This week I wanted to share two questions and answers from Cabot Options Traders/Pro subscribers.

COT/COTP Subscriber: I own some PLTR calls that expire in January. I would like something that goes out farther, as at some point I will need to sell the January calls (hopefully I can wait until January). Anything you recommend? Maybe a strike between 33-35? Are there LEAPS? I don’t usually listen a whole lot to the Wall Street analysts but was intrigued that one of them sees PLTR going to 50.

Jacob: If I was looking to roll out of the January calls and then buy a new PLTR call, I might look at the March 36 calls for around $5.50.

Of note, for the Pro service I’ve been debating selling an out-of-the-money January call and turning this into a bull call spread, but I haven’t yet as the stock looks great and the market has been strengthening.

Perhaps something like a sale of the January 42, 43, or 44 calls, which would give the stock more room to run, but would also bring in $1.50 - $2 in premium to lower the cost basis on my trade. But for now, and I mean today, I’m sticking with my January calls as is.

COT/COTP Subscriber: Recognizing the significant volatility of options, do you ever recommend using either stops or trailing stops on call positions?

Jacob: Stops in the options game are HARD. This is what I mean.

Options prices move so dramatically that a $1 or $2 drop in the stock could have an option position down 30-40%.

Now, there’s still a place for stops when it comes to options, and there have been plenty of times I should have stopped myself out (HPE, for example), but there are also times when tight stops could have knocked us out of what turned out to be monster winners (HOOD and PLTR were hardly instant winners, and U has roared back to life after being at a big loss).

Essentially, if the market is acting OK and there is enough time left until a call expires (huge factor), or if there continues to be call buying in that stock, I tend to stick in a position even if the trade has gone against us in the short term.

Open Positions

Robinhood (HOOD) January 15 Call – HOOD had a great week as the stock rallied 15%. This was a positive development for our position that is now at a potential profit of approximately 190%.

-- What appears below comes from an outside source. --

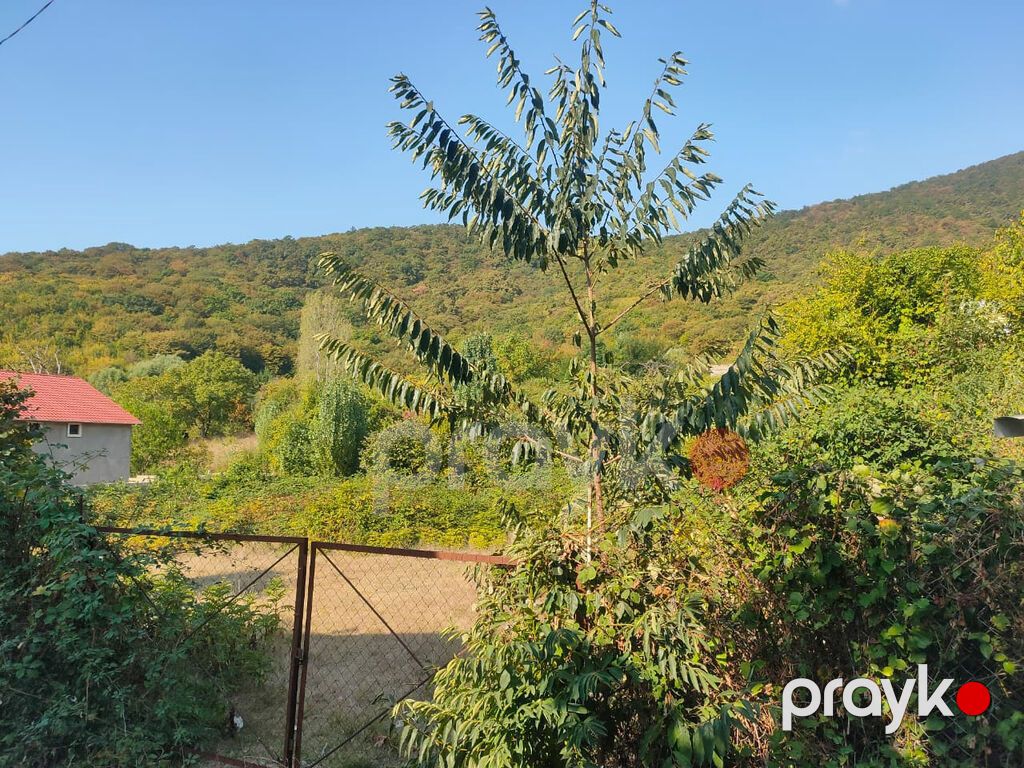 Tikinti, Mülkiyyətçi, Kupça (Çıxarış) — Torpaq, Oğuz (4)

Hewlett Packard (HPE) January 22 Calls – HPE gained 2% last week which is “OK,” but in reality, we need this stock to really ramp higher for our calls to regain much of their value. I will likely be looking to exit this trade on any meaningful stock rise.

Lyft (LYFT) October 13 Covered Call – LYFT gained 2.5% last week, which is fine, as the October 13 call that we sold continues to lose value (good).

Marijuana ETF (MSOS) September 9 Covered Call – The MSOS rose modestly last week, which is fine for our covered call trade that continues to decay away (good) and will expire in two weeks.

On Holding (ONON) January 42.5 Calls – ONON gained another 8.5% last week and is now trading at a new 52-week high. Our calls are at a potential profit of 40%.

Oracle (ORCL) March 160 Calls – On Thursday of last week we added ORCL to the portfolio, and quickly locked in a gain of 24% on the first third of our trade on Friday. More on ORCL above in “Stocks on Watch”.

Palantir (PLTR) January 26 Calls – PLTR gained another 9% last week and closed at a new 52-week high. Our calls are now at a potential profit of approximately 135%.

Also of note, on Tuesday Bank of America upped their price target on PLTR shares from 30 to 50, and on Friday a trader bought 1,000 Palantir (PLTR) December 49 Calls for $0.72 – Stock at 35.8.

Nasdaq ETF (QQQ) November 430 Puts – The Fed meeting Wednesday and the presidential election are the two main “worries” for the market before our puts expire. Let’s hope this insurance policy does not pay off.

Rocket (RKT) March 20 Calls – This is the position in our portfolio that I believe will move most aggressively on the Fed announcement on Wednesday, as an interest rate cut of 50 basis points will likely be a boon for housing and RKT. Conversely, it’s possible that RKT could sell off if the Fed only cuts 25 basis points. But that is pure speculation.

Of note, option activity was very bullish in RKT Thursday and Friday as the stock rallied, including these call buys:

Thursday - Buyer of 6,000 Rocket (RKT) September 19 Calls for $0.45 – Stock at 18.9

Friday - Buyer of 5,000 Rocket (RKT) September 20 Calls for $0.60 – Stock at 20

Friday - Buyer of 2,500 Rocket (RKT) March 25 Calls for $1.55 – Stock at 20.

Unity Software (U) December 18 Calls – Welcome back to the party, U! The stock rallied 24% last week on a shift in the company’s pricing strategy, and has been the case for weeks, option activity was red hot into this announcement, and afterwards as well. Our calls are now back in positive territory.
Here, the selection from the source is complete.